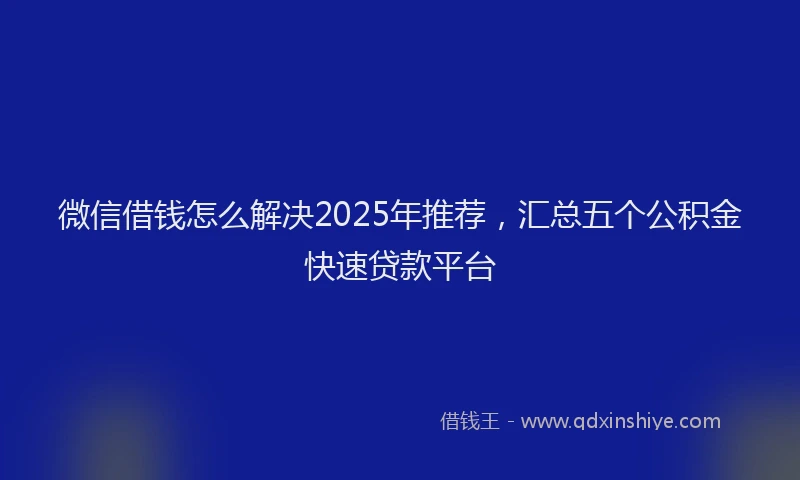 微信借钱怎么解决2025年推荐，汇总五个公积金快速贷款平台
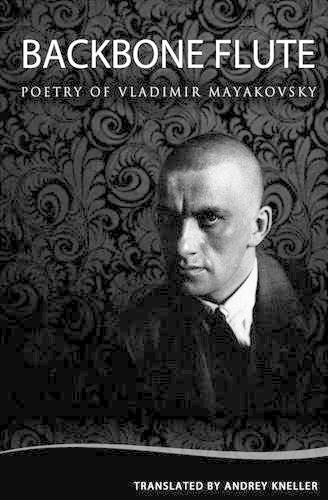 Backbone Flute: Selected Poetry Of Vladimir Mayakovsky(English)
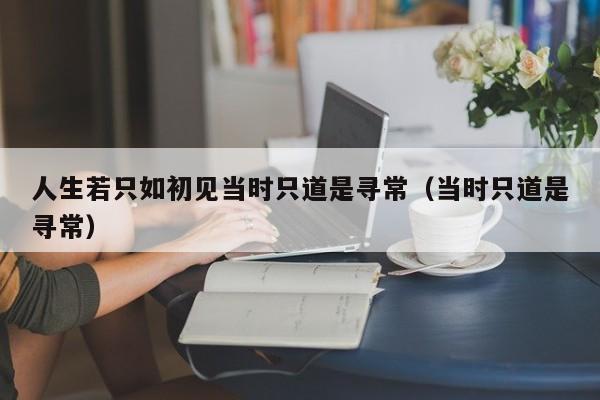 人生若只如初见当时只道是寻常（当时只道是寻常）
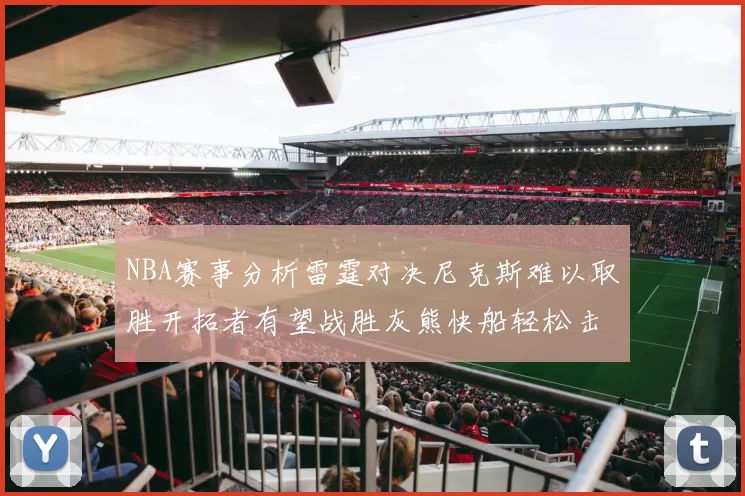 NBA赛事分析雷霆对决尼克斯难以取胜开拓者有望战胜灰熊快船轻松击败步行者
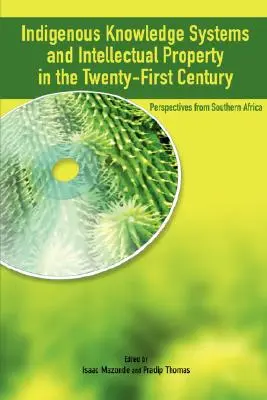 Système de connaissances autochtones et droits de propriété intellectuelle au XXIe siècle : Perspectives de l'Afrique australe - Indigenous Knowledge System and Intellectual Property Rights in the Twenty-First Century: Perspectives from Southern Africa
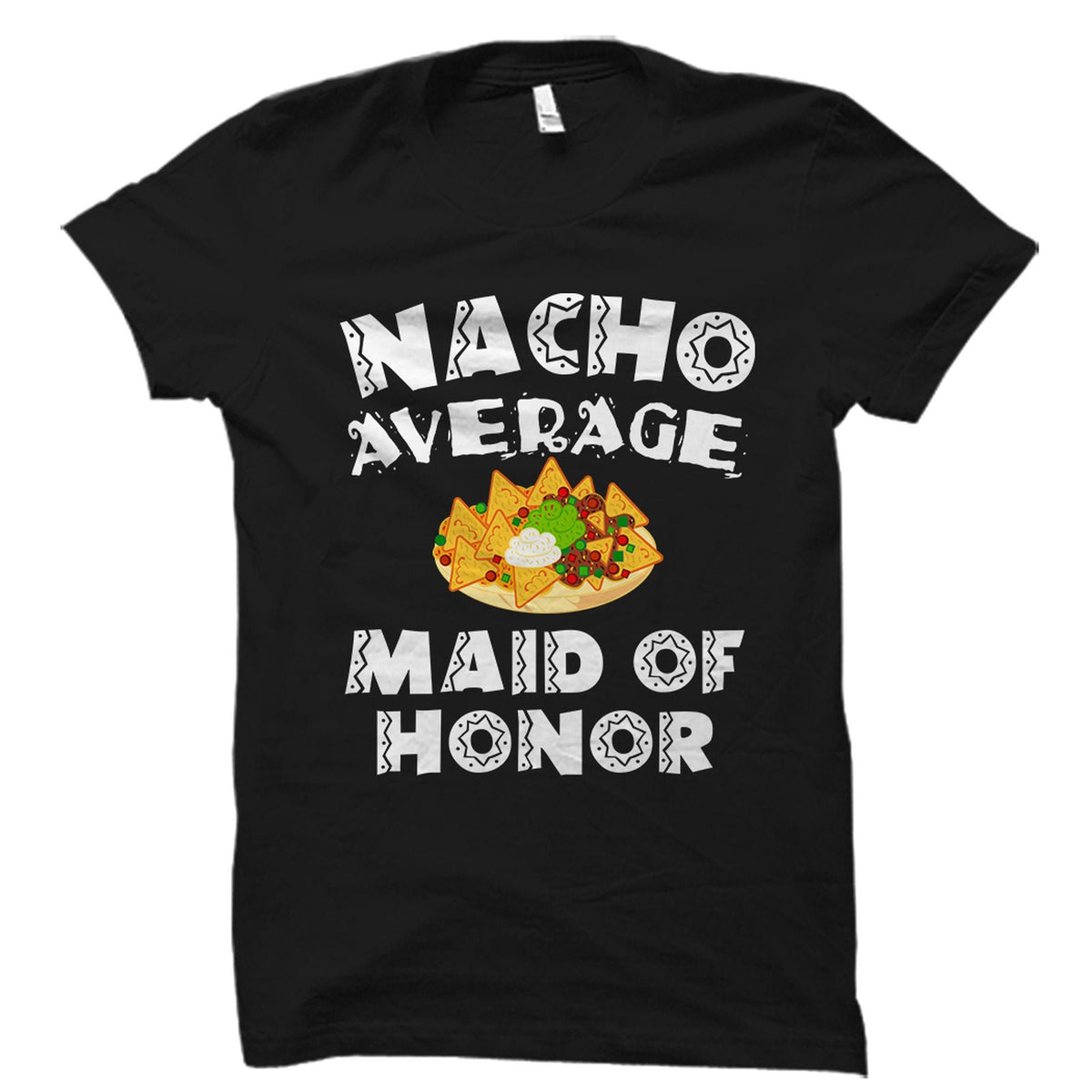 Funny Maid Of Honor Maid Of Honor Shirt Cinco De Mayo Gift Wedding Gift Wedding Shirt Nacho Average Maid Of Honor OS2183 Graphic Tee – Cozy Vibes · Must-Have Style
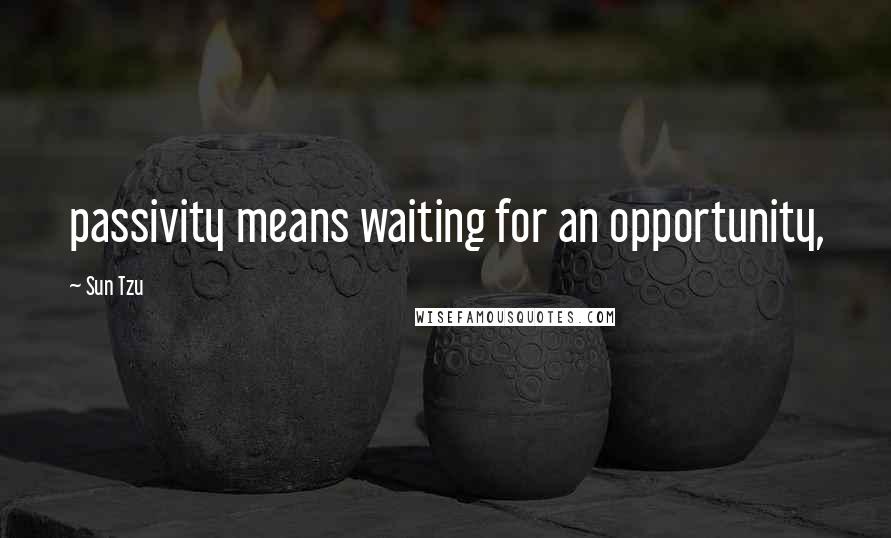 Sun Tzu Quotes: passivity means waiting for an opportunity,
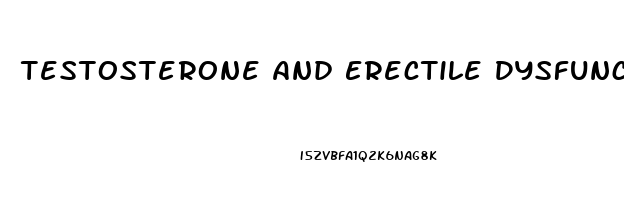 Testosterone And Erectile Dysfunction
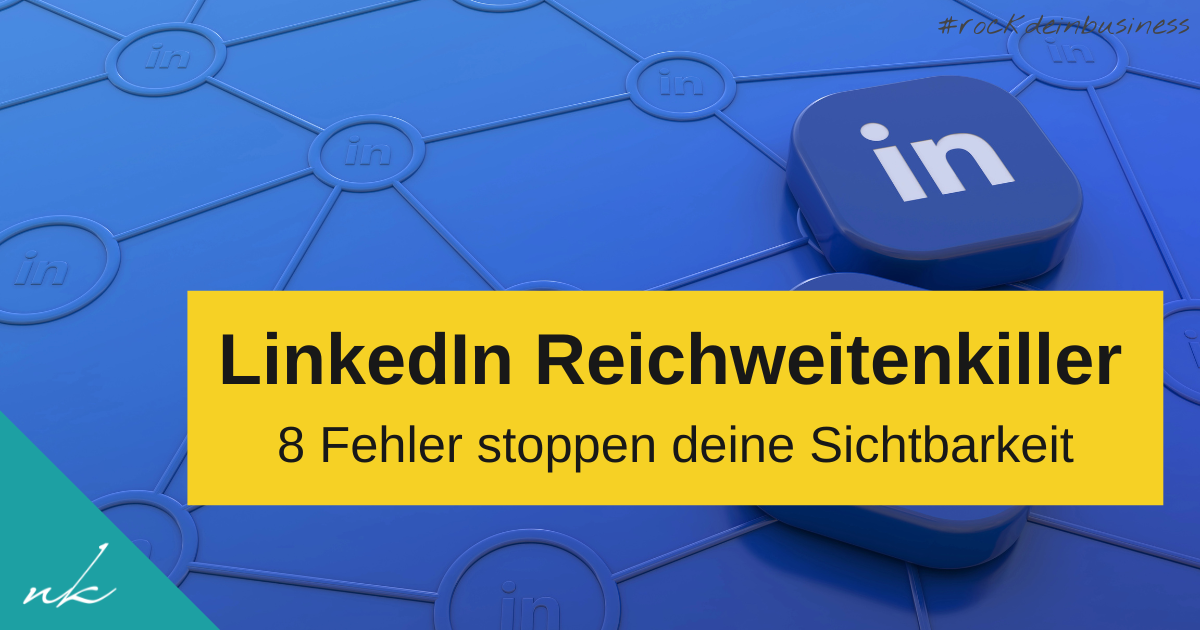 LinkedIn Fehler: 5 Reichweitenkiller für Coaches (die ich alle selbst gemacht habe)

--

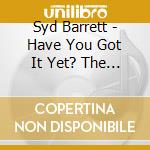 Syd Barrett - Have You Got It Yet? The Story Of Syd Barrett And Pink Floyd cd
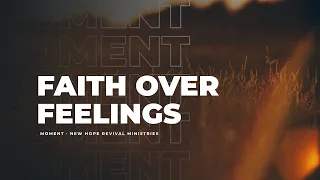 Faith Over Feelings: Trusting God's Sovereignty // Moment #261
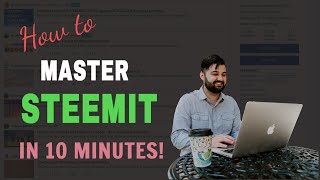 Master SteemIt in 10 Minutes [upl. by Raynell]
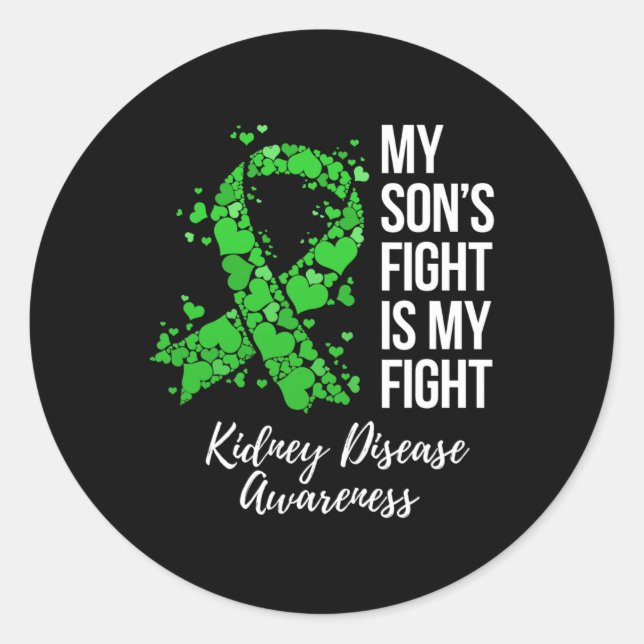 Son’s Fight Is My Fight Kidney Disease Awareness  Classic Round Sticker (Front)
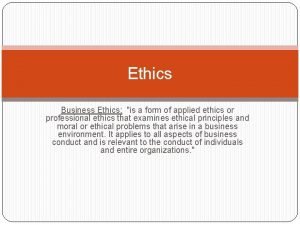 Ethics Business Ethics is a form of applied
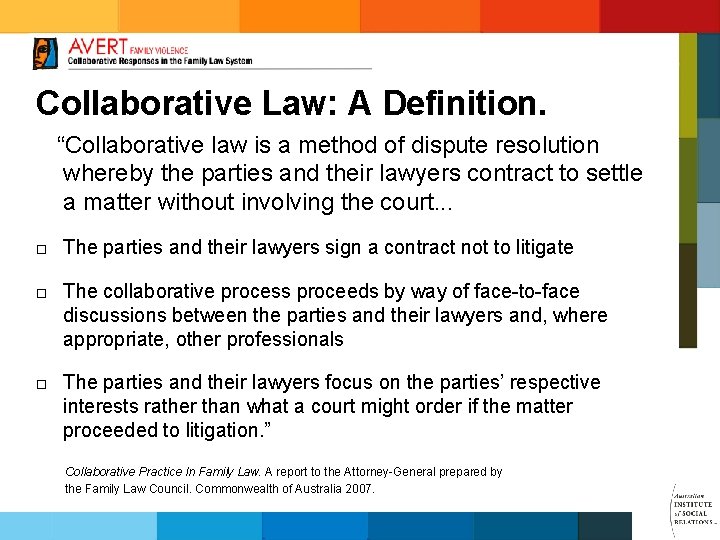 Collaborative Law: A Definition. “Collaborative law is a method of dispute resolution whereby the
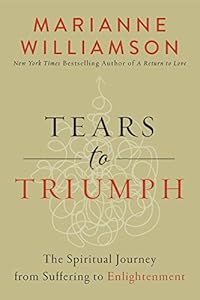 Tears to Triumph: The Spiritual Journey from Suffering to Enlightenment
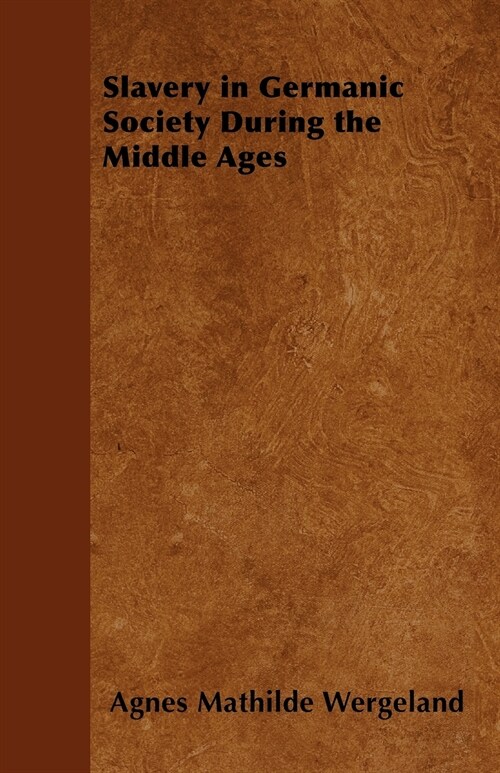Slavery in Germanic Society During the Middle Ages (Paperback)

INSTRUCTIONS TO FOLLOW — Starting at the line containing "Son’s Fight Is" and stopping at the line containing "Slavery in Germanic", output every line above exactly, both ends included, with pictures omitted.

COMPLETED EXERCISE —
 Son’s Fight Is My Fight Kidney Disease Awareness  Classic Round Sticker (Front)
 Ethics Business Ethics is a form of applied
 Collaborative Law: A Definition. “Collaborative law is a method of dispute resolution whereby the
 Tears to Triumph: The Spiritual Journey from Suffering to Enlightenment
Slavery in Germanic Society During the Middle Ages (Paperback)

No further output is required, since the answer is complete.